If toxicity or adverse side effects occurred, the next cycle was delayed until recovery, with required criteria including: neutrophil count ≥ 1000/mm3, hemoglobin ≥ 10.0 g/dL, platelet count ≥ 50,000/mm3, AST and ALT ≤ 150 IU/L, total bilirubin ≤ 2 mg/dL, and creatinine ≤ 1.2 mg/dL.
For patients who had gastric outlet obstruction, a stomach partitioning gastro-jejunostomy was performed, and chemotherapy was administered within 2–3 weeks later.
The ECOG performance status was evaluated, and routine assessments including complete blood cell counts, liver and renal function tests, and urinalysis were conducted before each cycle to monitor toxicity and adverse events. Thoraco-abdominal computed tomography (CT) was performed at the end of the third and the fourth cycle to evaluate tumor response using the Response Evaluation Criteria in Solid Tumor (RECIST) 1.1 to assess the disease response [38]. The response categories were defined as follows: complete response (CR) indicated the complete disappearance of all target lesions; partial response (PR) indicated a ≥ 30% reduction in the sum of the diameters of all target lesions; progressive disease (PD) was identified by an increase in the sum of the diameters of all target lesions by ≥ 20%; and stable disease (SD) was characterized by insufficient shrinkage to qualify for PR or insufficient increase to qualify for PD. Patients with either CR or PR were considered to have a clinical response. The disease control rate included the rate of CR, PR, and SD.
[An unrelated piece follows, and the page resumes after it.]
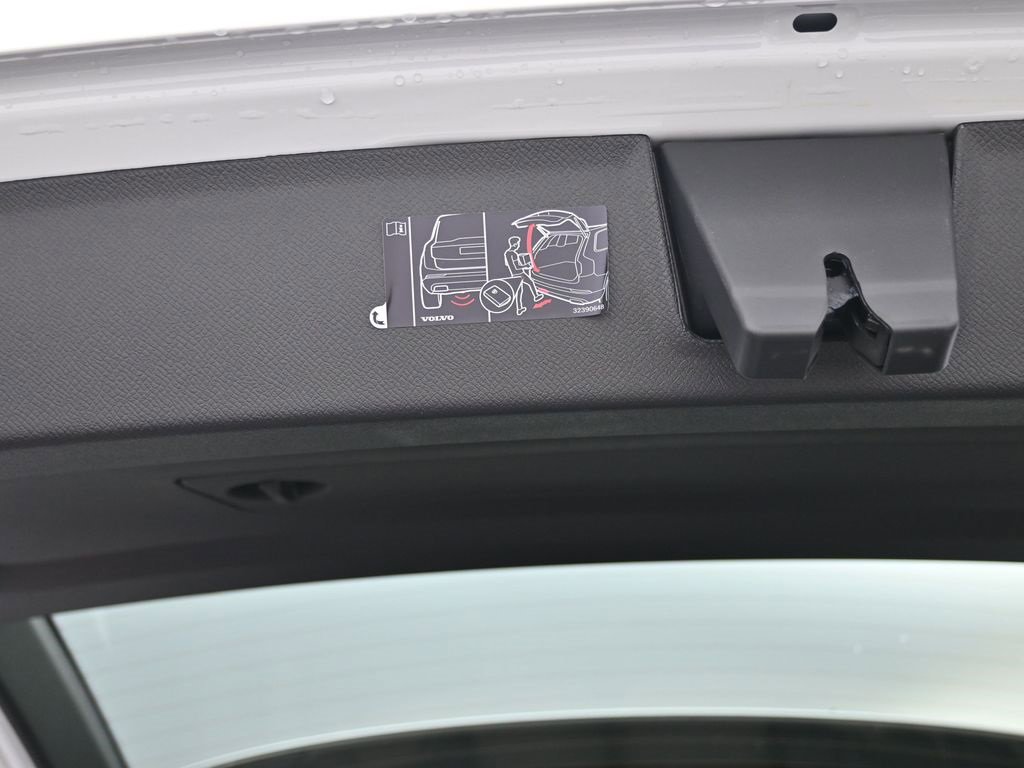 New 2026 Volvo XC90 B6 Plus w/ Protection Package Premier image 32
Chemotherapy-related toxicity refers to the adverse effects or complications directly resulting from the administration of chemotherapeutic agents. The Common Toxicity Criteria of the National Cancer Institute (NCI–CTC) 4.0 was used to report toxicities and adverse events [39].
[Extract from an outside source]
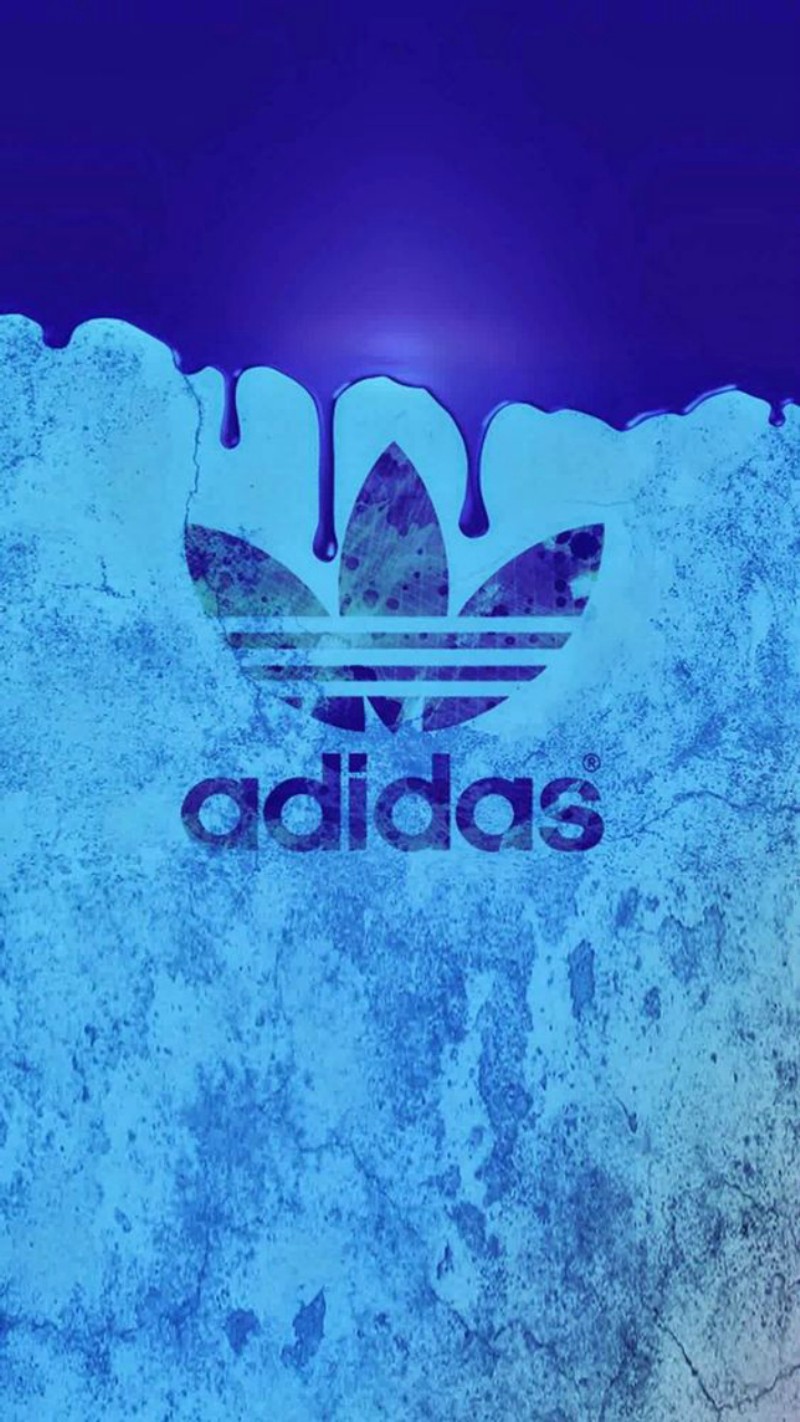 Логотип adidas на синем фоне с голубым небом (бренд, логотип)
Surgery after neoadjuvant chemotherapy
We performed gastrectomy with lymphadenectomy according to the JGCA guidelines within 2–4 weeks after the last day of neoadjuvant chemotherapy administration [40, 41]. Based on the primary tumor’s location, subtotal or total gastrectomy with lymphadenectomy was performed using laparoscopy or laparotomy. For patients with persistent PAN after neoadjuvant chemotherapy, 16a2/b1 PAN dissection was conducted. We carried out the D1 + lymphadenectomy in patients with several concomitant diseases. Intraoperative lavage cytology was routinely performed before and after gastrectomy. In cases of the invaded organs persisting after neoadjuvant chemotherapy, combined resection was conducted to achieve R0 resection. Additionally, any suspected margin of the invaded organs after gastrectomy was biopsied to assess residual tumor status. All surgical procedures were conducted by two experienced GC surgeons.
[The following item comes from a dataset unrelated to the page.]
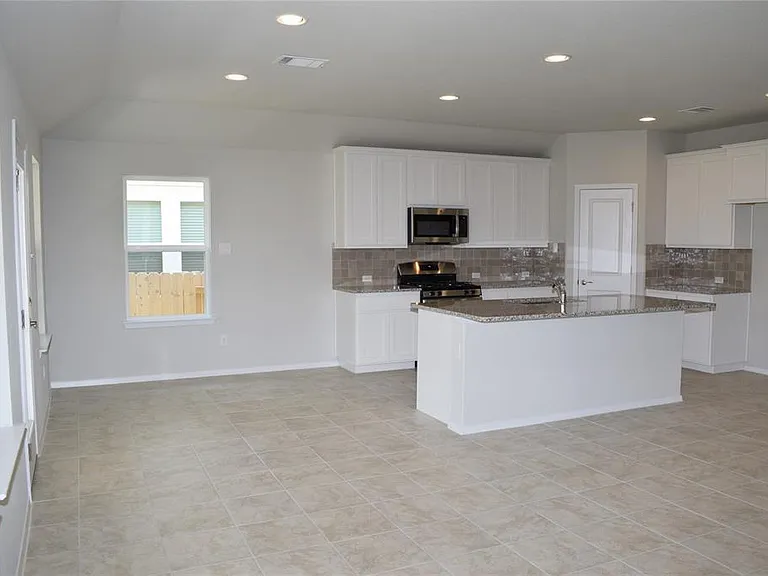 208 Shugart St — Photo 7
Curative resection (R0) was defined as the complete removal of both macroscopic and microscopic disease. R1 resection was characterized by the macroscopic removal of the tumor, accompanied by microscopic evidence of residual tumor, indicated by either positive resection margin (including suspected margin of the invaded organs) or positive postoperative lavage cytology.
Adjuvant treatment
For patients who completed four cycles of neoadjuvant chemotherapy, S-1 was administered for one year after surgery. For patients who completed three cycles preoperatively, the fourth cycle of DCS was given postoperatively, followed by S-1 for 1 year.
Follow-up
The follow-up schedule was in accordance with the JGCA guidelines [40, 41]. Patients were followed up every 3-month for the first two years, every 6-month for the next three years, and then annually. The follow-up visit included a physical examination, laboratory blood tests, and abdominal ultrasonography. Computed tomography was performed every six months for the first three years and then annually. Endoscopy was performed every year. If a patient exhibited suggestive symptoms or signs of recurrence or metastasis, CT and/or endoscopy were performed irrespective of the scheduled follow-up.
Outcomes
We investigated the short-tern outcomes including tumor response, completion of neoadjuvant chemotherapy, toxicity and adverse events, the rates of treatment-related death, R0 resection, the rate of complete adjuvant chemotherapy and short-term surgical results. The oncologic outcomes comprised 3-year OS and 3-year disease-free survival (DFS). Three-year OS is defined as the proportion of patients who are alive three years after the initiation of chemotherapy, regardless of the cause of death. Three-year DFS is defined as the proportion of patients who remain alive and free from any signs of cancer recurrence or progression three years after achieving R0 resection.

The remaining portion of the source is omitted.